Subject: Re: new mips cache performance
To: Simon Burge <simonb@wasabisystems.com>
From: Jason R Thorpe <thorpej@wasabisystems.com>
List: port-mips
Date: 11/18/2001 10:06:41
On Mon, Nov 19, 2001 at 01:00:36AM +1100, Simon Burge wrote:
> I've tried a simple benchmark of building a pmax kernel three times in a
> row with kernels built both pre-merge and post-merge of the mips cache
> branch (using the "2001-11-14 18:00:00 UTC" and "2001-11-15 12:20:00
> UTC" date tags). The post-merge figures were slightly worse (about 30
> seconds slower over an hourish build). At Jason's suggestion, I removed
> the check for an L2 cache in the __mco_noargs and __mco_2args macros
> in <mips/cache.h> so that it always called the L2 cache ops and that
> shaved about 108 seconds off the average benchmark time making it about
> 75 seconds quicker than a pre-merge kernel.
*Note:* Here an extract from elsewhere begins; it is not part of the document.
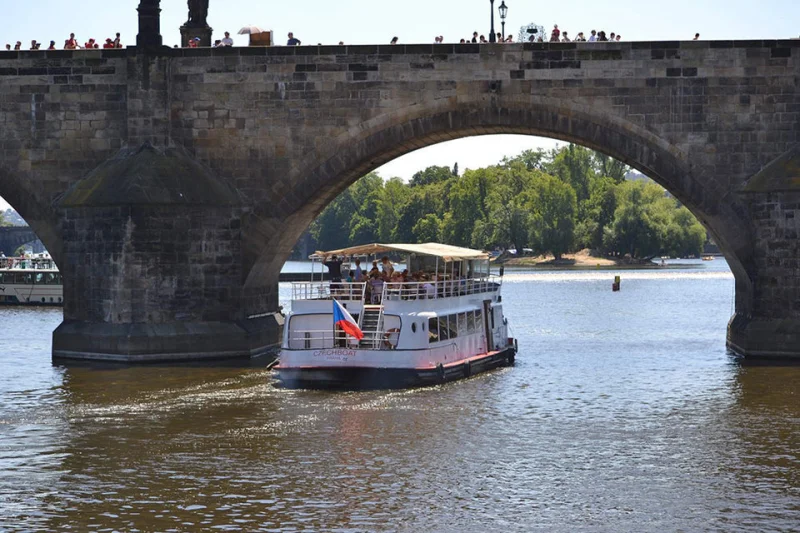 Dvouhodinová plavba výletní lodí po historickém centru Prahy s vynikajícím obědem - foto 02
Hm, okay. I'm kind of annoyed that the test is that expensive :-/
So, couple of options, here..
(1) Make noop L2 cache routines for platforms which don't
have them, and always let the code jump into the L2
routine.
(2) Do the pseudo-vector thing. Since the individual cache
primitives are too large to stuff into here, we would
have to copy cache-op-call-sites into the pvecs. This would
mean stack allocation, saving some regs, etc. in the pvecs.
I'm leaning towards (1), since, as a macro, the compiler would have
a better time of optimizing the code around the call sites.
> The tests were run on a DECsystem 5000/260 (R4400 at 60MHz, 16k L1
> Icache, 16k L1 Dcache and 1MB L2 cache, 192MB RAM) with source and
> kernel compile directory on local disk, using a GENERIC kernel that
> has both the MIPS1 and MIPS3 options.
BTW, what's the line size of our L2 cache? 128 bytes? We could probably
squeeze some more out by writing 128-byte optimized L2 cache ops (which
unroll the loop somewhat).
--
-- Jason R. Thorpe <thorpej@wasabisystems.com>